Church in Vestland, Norway

Ortnevik Church (Ortnevik kyrkje) is a parish church of the Church of Norway in Høyanger Municipality in Vestland county, Norway. It is located in the village of Ortnevik on the south shore of the Sognefjorden. It is one of the two churches for the Bjordal og Ortnevik parish which is part of the Sunnfjord prosti (deanery) in the Diocese of Bjørgvin. The red, wooden church was built in a long church design and a dragestil style in 1925 using plans drawn up by the architect Lars Norevik, who lived in the village. The church seats about 292 people.

==History==
For hundreds of years, the parishioners living in Ortnevik had to boat about 14 km across the Sognefjorden to get to their parish church: Kyrkjebø Church.
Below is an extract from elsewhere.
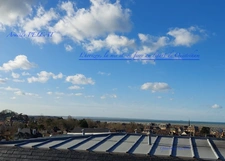 APPARTEMENT À VENDRE BEAU 2 PIÈCES 32M2 AVEC BALCON DERNIER ÉTAGE ET PLACE STATIONNEMENT 250M CENTRE HOULGATE CALVADOS 150 000€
In the early 1920s, permission was given to build an annex chapel in Ortnevik for the people living in the southeast part of the municipality. The chapel was designed by Lars Norevik and the lead builder was Emil Geithus. Construction on the new chapel began during the summer of 1924. During the construction of the tower, a storm blew through the village one night and the partially constructed tower was blown off the church. It ended up in the field on the south side of the church and stood vertically in the ground as if it was planted there. Other damage to the building from the storm meant that the completion of the church was pushed back several months. The chapel was finally completed and consecrated in 1925. The new chapel was a large building, seating nearly 300 people, far more than the residents of the village. At the time of its construction, planners thought that the area would be prime for population growth, although the opposite came true. It had the status of an annex chapel until 1 January 1997 when it was upgraded to a parish church. At the same time the new parish of Bjordal og Ortnevik was created with Ortnevik Church and Bjordal Church being the two parish churches. This meant that all the people in Høyanger on the south side of the fjord now had their own parish.